Questi viaggi attraverso la periferia mi hanno fatto rendere conto delle differenze esistenti tra gli abitanti di qui.


Ogni giorno che passa sento diminuire il mio interesse turistico per questa città e vedo aumentare il mio occhio critico da cittadino. È un meccanismo che scatta quando smetti di concentrarti sulla struttura urbana – anche solo per orientarti – e cominci ad osservare meglio le persone.


Nel centro di Pest le persone mi sembrano morti viventi. Si muovono come spinte per inerzia, le facce come maschere di cera, l’occhio vacuo.

Non me ne sono reso conto finché non mi sono allontanato verso l’esterno. Ho ripreso a vedere volti umani. Qualcuno sorridente o forse era una paresi ma l’ottimismo mi spinge a credere che fosse sorridente.

L’acquario è collocato in un centro commerciale. Non accanto, non separato: è proprio al suo interno.

Questo fa sorgere in me dei dubbi: la finalità di una simile struttura dovrebbe essere istruttivo-educativa, ma inserita in un contesto di intrattenimento il messaggio non potrebbe giungere distorto?


Che poi in realtà il centro commerciale non dovrebbe essere luogo di intrattenimento ma di consumo. Il capitalismo però ci ha convinti che sia divertente spendere il nostro denaro, non a caso il centro commerciale è diventato luogo deputato all’intrattenimento del fine settimana, dove portare a scorrazzare i figli che, dopo aver distrutto casa per 6 giorni, che almeno il settimo distruggano altro e alla sera siano così stanchi da permettere ai genitori di stare in pace¹ ² .


¹ Che poi in genere l’agognata pace familiare si risolve col pater familias che si guarda il posticipo della serie A sul divano.


² Questo discorso non vale in Ungheria, dove da circa un anno, per volontà del governo, tutte le attività commerciali di dimensioni superiori ai 200 m² devono restare chiuse di domenica.

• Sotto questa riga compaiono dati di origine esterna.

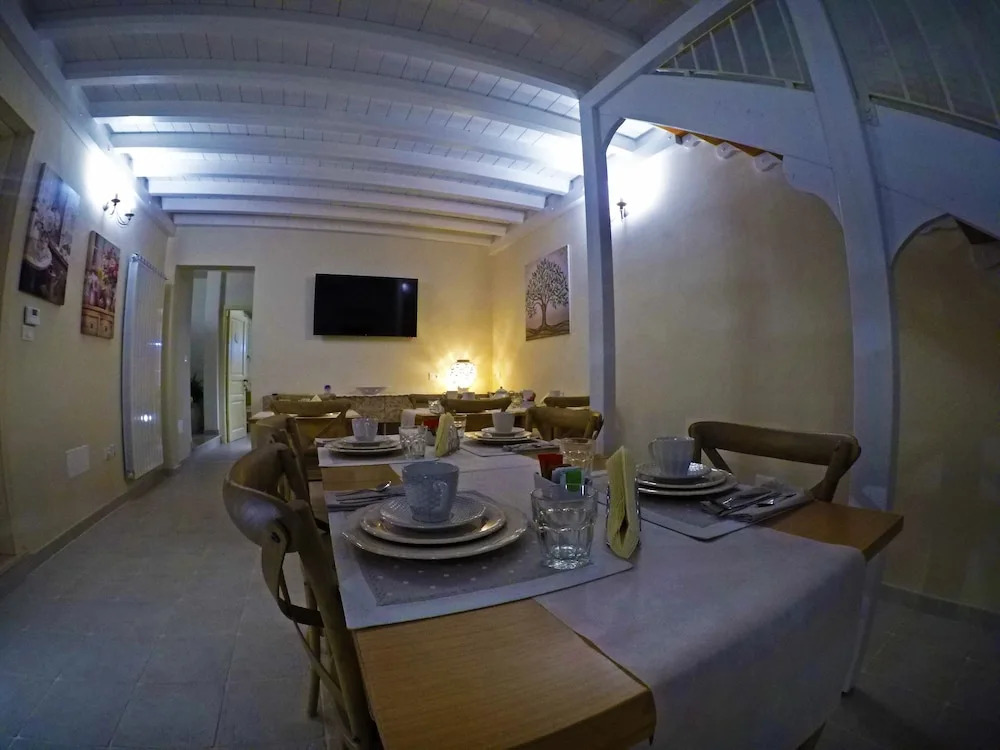 A casa tu zi Melu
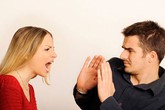 Chuyện những ông chồng bị vợ cho ra ghế ngủ Chuyện những ông chồng bị vợ cho ra ghế ngủ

Una delle mie contraddizioni è che gli zoo mi disturbano, gli acquari no.
Eppure, passi per i pesci corallini che sono stanziali e non si accorgono di stare in una vasca – forse, ma uno squalo soffre quanto, se non di più, un leone rinchiuso.

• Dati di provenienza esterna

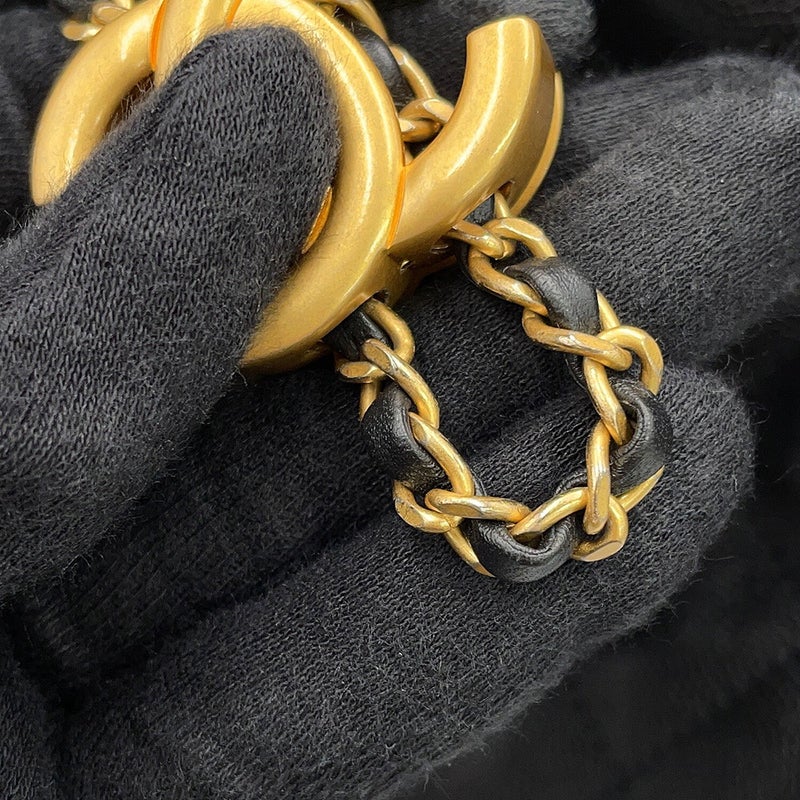 シャネル チェーンショルダーバッグ CHANEL25 ミディアム ココマーク マトラッセ キャビアスキン AS5311 CHANEL 黒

Il leone può almeno passare le proprie giornate stravaccato in un punto, lo squalo invece, per la propria conformazione anatomica, è costretto a stare in perenne movimento. Aggiungendo il fatto che è un essere con sviluppate capacità spaziali, tal che si orienta tramite “mappe mentali”¹, lo stare a girare continuamente in tondo in uno spazio limitato deve essere fonte di alienazione.

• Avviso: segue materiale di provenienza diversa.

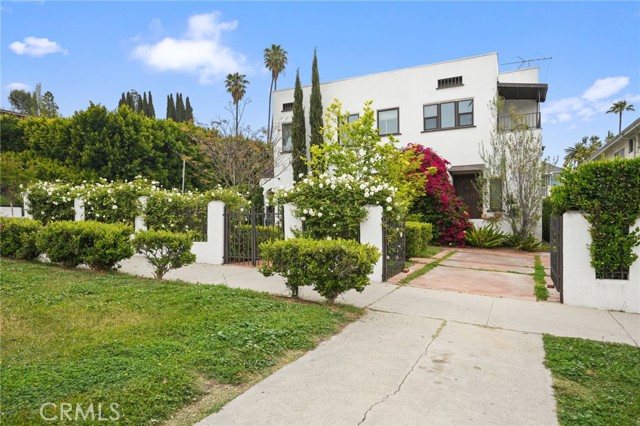 1860 Winona Boulevard, Los Angeles CA: https://media.crmls.org/medias/4d64baae-e59d-4df6-9eef-deac66371314.jpg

¹ Vale soltanto per i maschi, perché è risaputo che le femmine non sappiano leggere le mappe.


Ma si tratta di quei meccanismi di sensibilità selettiva che subentrano in maniera inconscia.


Ad esempio una formica in giro per casa la schiaccio senza remore, un ragno lo accompagno alla porta con i guanti. Oppure lo indirizzo verso un angolo abitabile – per lui – della stanza dove da lì potrà aiutarmi a far fuori mosche e altri intrusi¹.


¹ L’omicidio della formica rientra però in una logica di sopravvivenza domestica. Di sicuro è lì in esplorazione e onde evitare che avvisi la colonia della presenza di cibo, meglio ucciderla.
D’altro canto, se le formiche sono intelligenti – e lo sono – credo che non vedendola tornare penseranno che sia stata uccisa affinché non rivelasse informazioni importanti, quindi partiranno all’attacco lo stesso.


I bambini ungheresi sembrano più scostumati di quelli italiani.
Urlano, corrono, spintonano e battono contro i vetri delle vasche col beneplacito dei genitori, i quali sono troppo distratti a farsi i selfie con gli squali.

Ho deciso che questo sarà l’ultimo acquario che avrò visitato perché cominciano a disturbarmi.


Comunque mi sono reso conto che gli squali, quelli grigi in particolare che sono in genere gli ospiti degli acquari, hanno una faccia da ebeti. Hanno un’espressione da perenne “Uh? Cosa?”